Hanosz Prime is the ruler of the planet Prime in a galaxy far from our own. His tranquil life in the "1111th Encompassment of the Ninth Mandala" is disturbed when a traveler tells him of an anomaly at the heart of the Milky Way Galaxy. This particular black hole is devouring matter at an enormous rate. Mankind's original home planet will soon be destroyed. Now in the far reaches of time, everyone enjoys a long life. Through a rebirthing process, a person can take on any bodily shape he or she wants and most of humanity has changed beyond recognition. Only those who are on Earth, though, are unlimited in the number of rebirths they can undergo. They have become physically immortal. Hanosz decides to undergo a rebirth, hand the ruling of Prime to his reluctant brother, and visit Earth to see if he can avert the disaster.

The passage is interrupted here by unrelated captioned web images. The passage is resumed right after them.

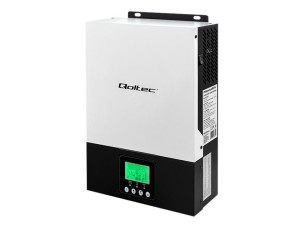 Qoltec - power converter - 80A, hybrid solar inverter, MPPT, off-grid, sine - 2.4 kW - 3000 VA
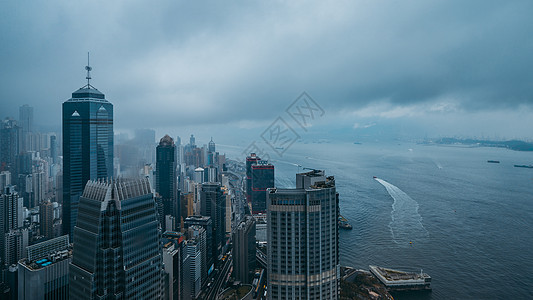 雨中香港图片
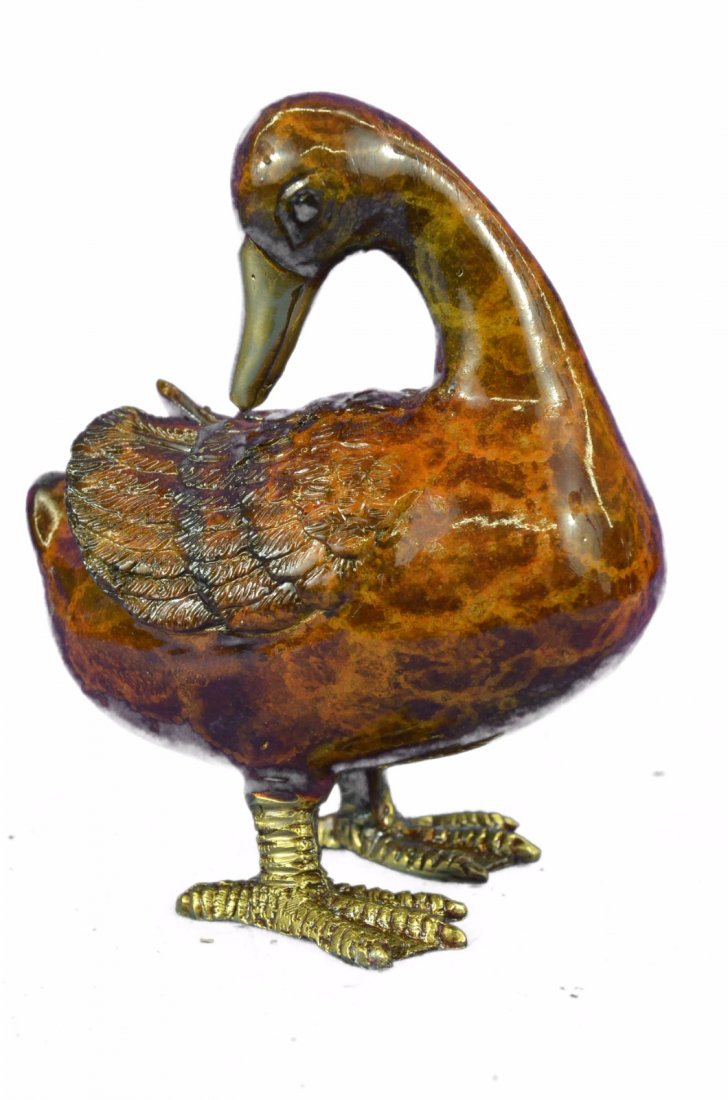 Vienna Brass Standing Duck Cold Painted Bird Bergman (1 of 10)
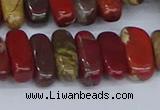 CCH716 15.5 inches 5*10mm - 5*15mm apple jasper chips beads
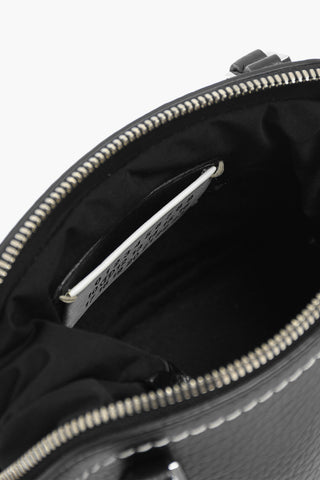 MM11 Textured Leather Handbag with Removable Shoulder Strap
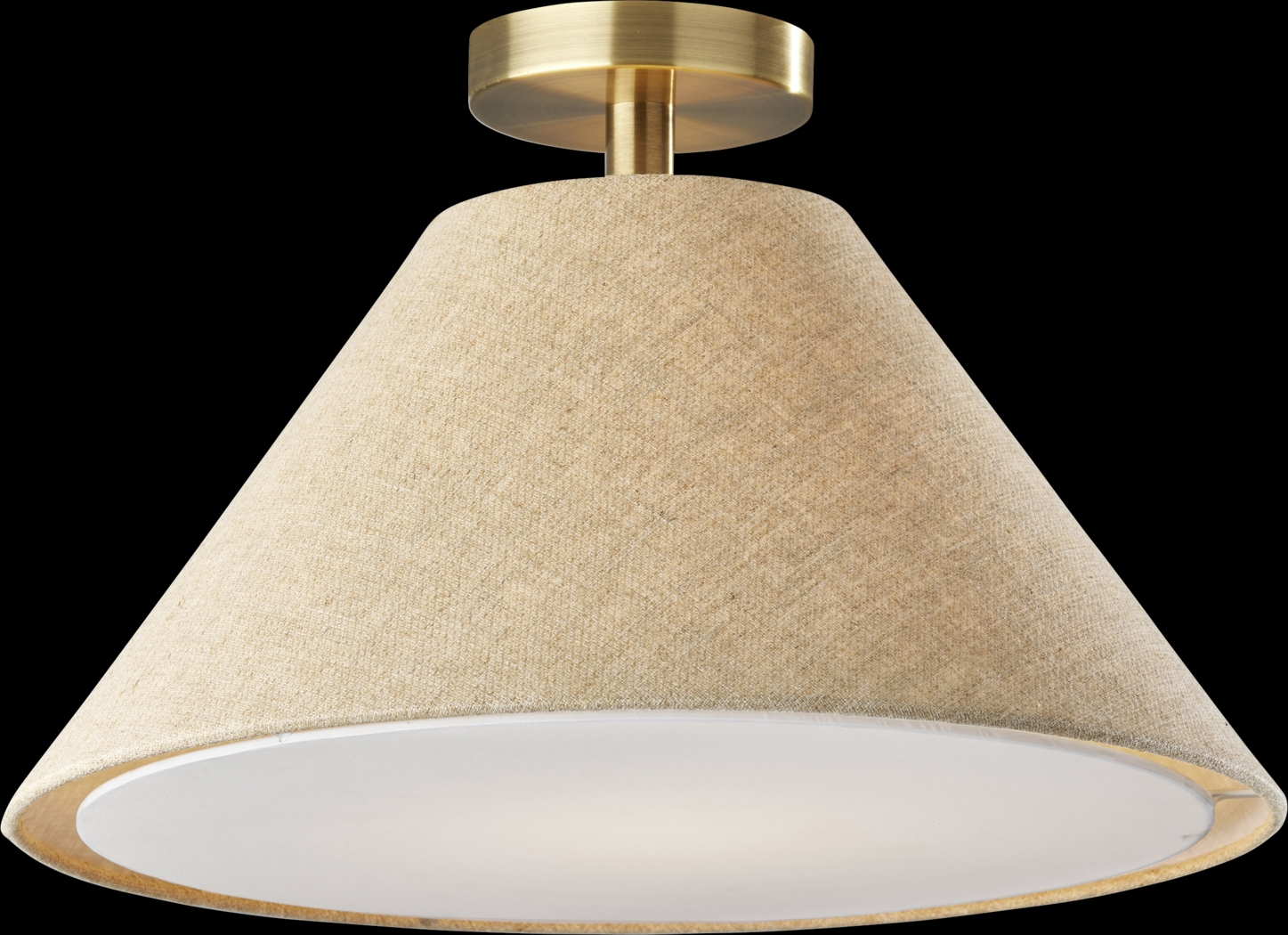 Bellflower Hollow Beige Pendant - Thumbnail - Image 1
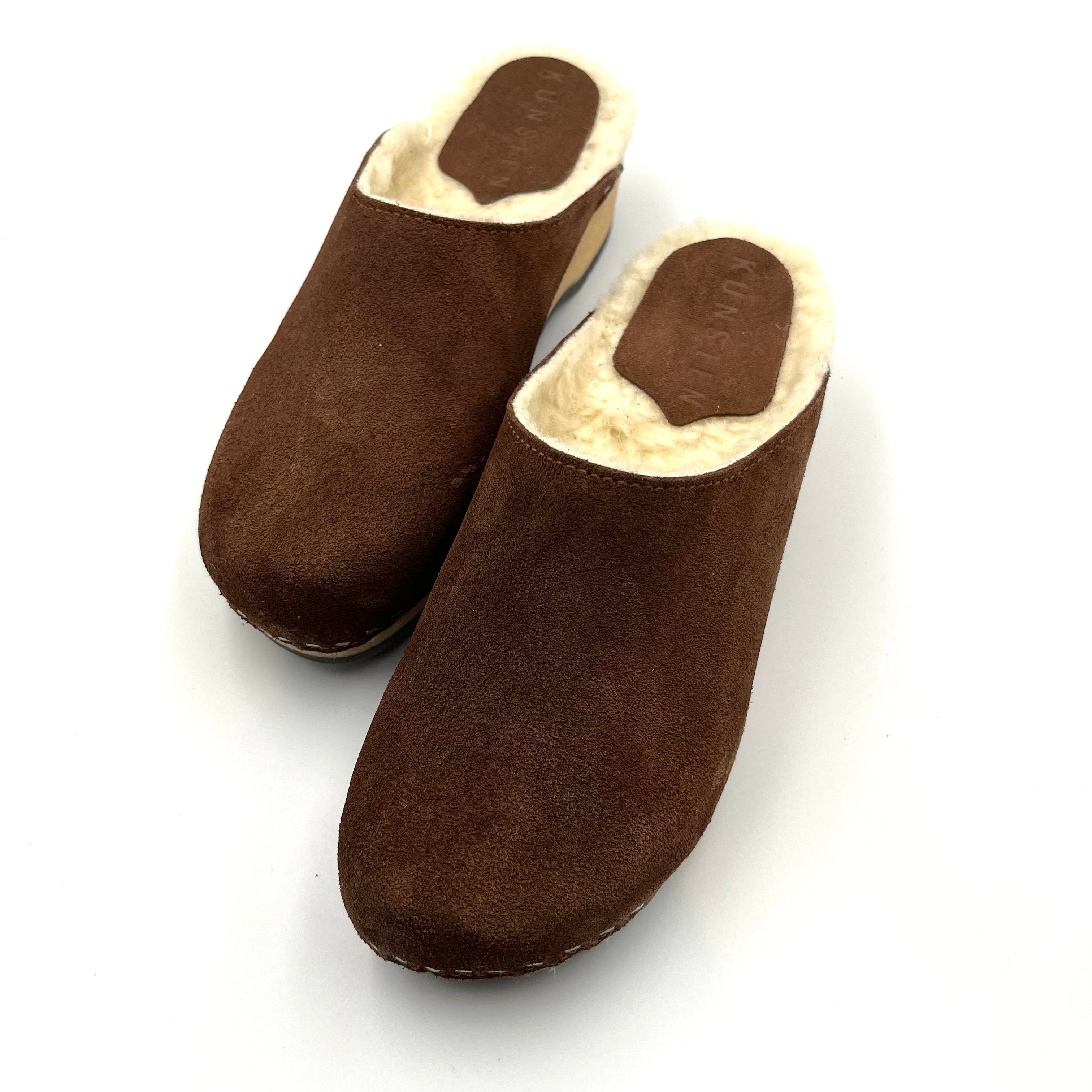 STUDIO SALE | Chocolate Suede Shearling EU37/US7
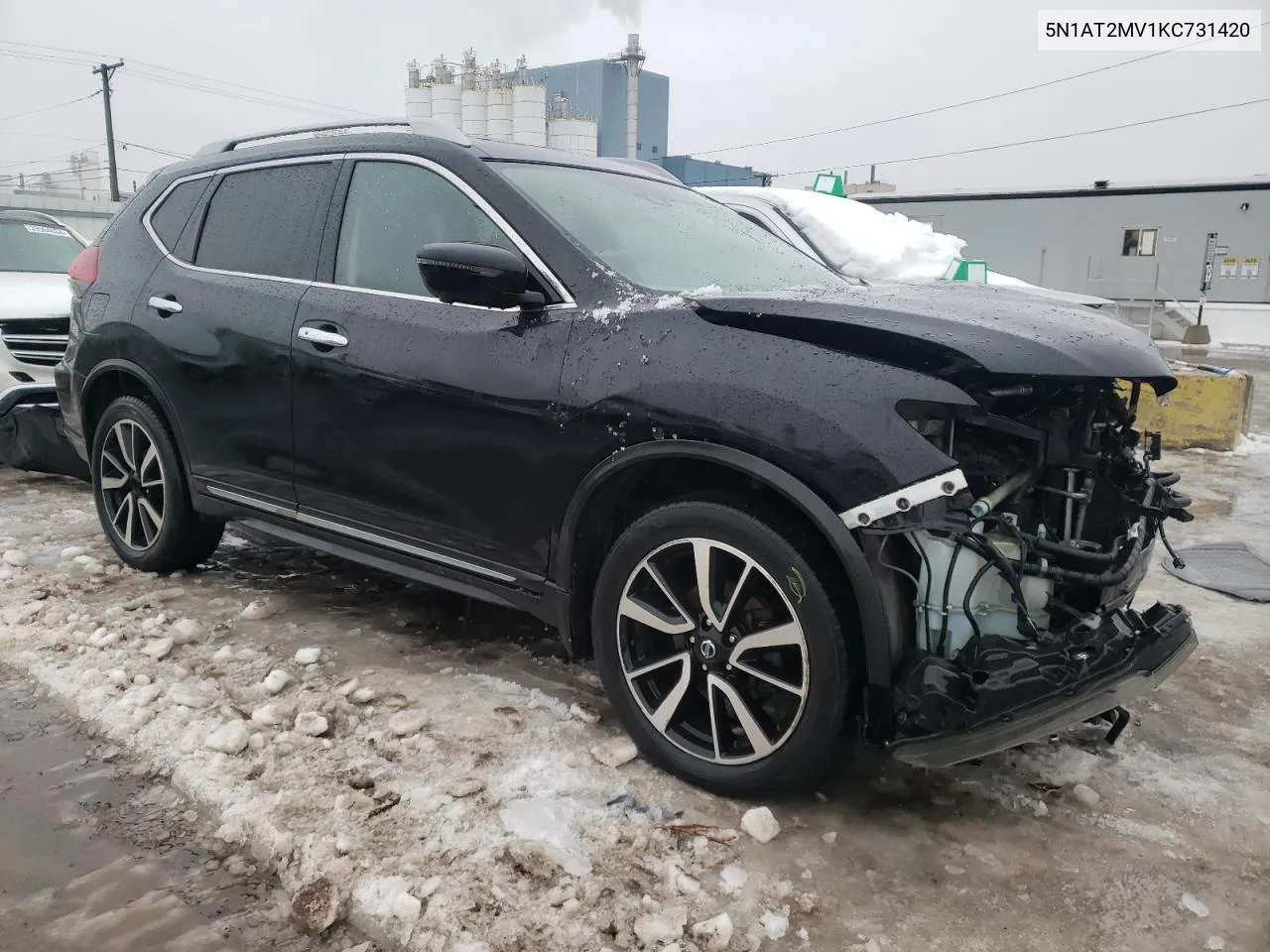 2019 Nissan Rogue S VIN: 5N1AT2MV1KC731420 Lot: 74562344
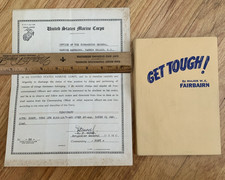 Get Tough! Hand to Hand Fighting by W.E. Fairbairn 1942 1st Edition & Marine Doc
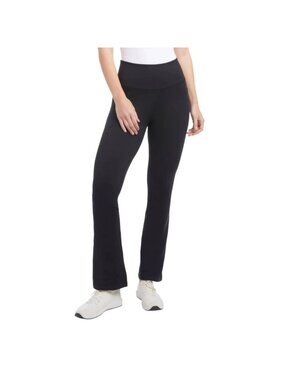 NWOT Jockey Women's M Black Wide-Leg Yoga Pants Pockets B1017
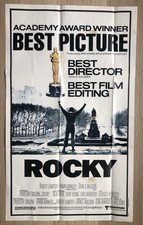 A Topps Gum Card Giant Movie Film Poster 1981 Rocky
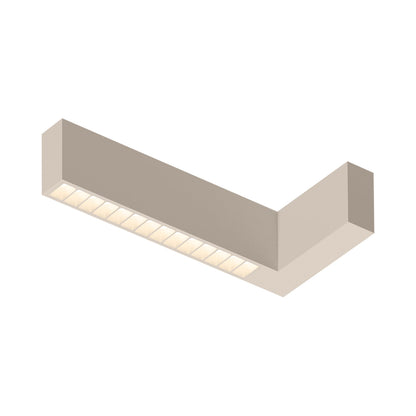 Offset LED Angular Linear High Efficiency Flush Mount Ceiling Light in Beige M1 (Model 1742).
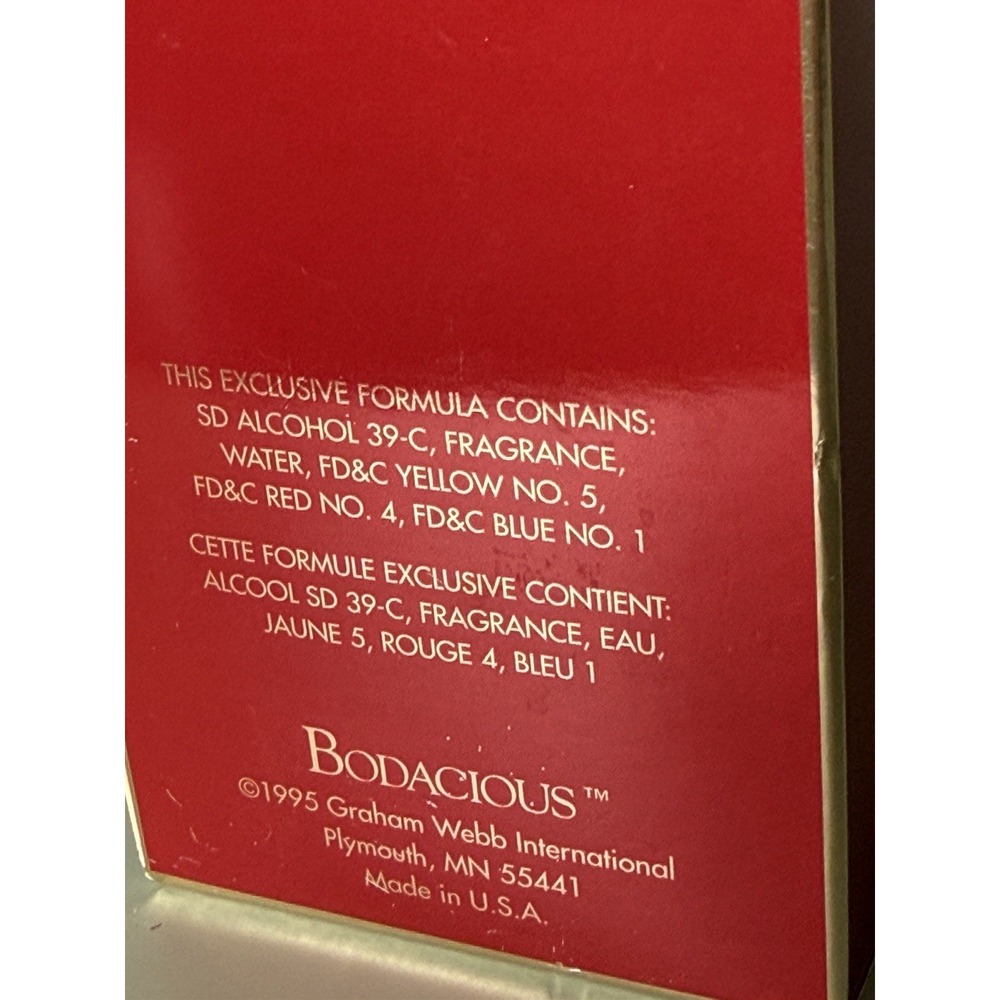 Vintage Bodacious Graham Webb EDP Perfume 1.7 oz 50ml Box Rare 1995 - Picture 9 of 12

Thanks to the discovery of hyperwave and hyperspace technology, these inhabitants of the far future have both faster-than-light communication and faster-than-light travel. And thus Hanosz is soon on Earth at the estate of Sinon Kreidge and his lovely (by Ninth Mandala standards) daughter, Kaivilda. Needless to say, the people of Earth are disturbed by the recognition that they are no longer immortal. Factions advocating both action and passivity are debating what, if anything, to do about the impending disaster. Hanosz consults Earth's Oracles; an attempt is made on his life; and he leaves Earth with a duplicate of Kaivilda in tow to try to prevent the black hole from devouring the Milky Way Galaxy. With the aid of Kaivilda and the AI's onboard his ship, he travels towards the singularity. It soon becomes apparent that the black hole, which is growing at an enormous rate, will not only devour the Milky Way but also the entire universe if something cannot be done to stop it. Parallel universes, an information-filled holographic film at the edges of space-time, causality, changes in the universal physical constants - all play a role in the concluding drama.


When the Blue Shift Comes takes place unimaginably far in the future. As the mysterious narrator states: "Between our time and theirs, the English language was forgotten in its entirety...along with all the details of our civilization right down to the mere fact that it had ever existed." The humans of that time have changed beyond recognition - physically, emotionally and mentally. The closest relationship between two beings is one of "rapport" - an almost mystical state of union. Hanosz' and Kaivilda's "newfound rapport, vibrant and irresistible, makes the universe subjectively new in a way no amount of matter and energy reshuffling could ever hope to match...This rapport includes everything that Is, connecting everything that was once apart, joining and unifying even the most disparate of forces, sensations, impressions and ideas." When confronting their own mortality, the far future denizens of Earth are not that much different from ourselves. Kaivilda reflects: "No day has been taken for granted; every dawn has been an education, replete with longing, gratitude about her continued existence, and ... uncertainty about the future."


Other Stuff


The End of Space-Time

Theories of the ultimate fate of our universe seem to be divided into three general categories: the Big Freeze (aka "heat death"), the Big Crunch (the universe collapses in upon itself when its current expansion reverses), and a Never-Ending Multiverse. How the universe ends up depends on the amount of matter it contains - specifically on whether the gravitational force from the universe's matter is enough to stop the expansion of the universe that has been in progress since the Big Bang. Physicists are still trying to get their heads around this and no one knows the answer for sure. The growing understanding of dark matter (which is 5 times more prevalent than normal matter) and the recently discovered (1998) dark energy (which increases the universe's rate of expansion) are being figured into the calculations.

Briefly:

  • If the amount of matter is too small and the universe continues to expand indefinitely, then all matter and energy will reach a "heat death" with temperatures near absolute zero. Long before this, the stars would be so far apart that the night sky on any planet would be completely devoid of them. 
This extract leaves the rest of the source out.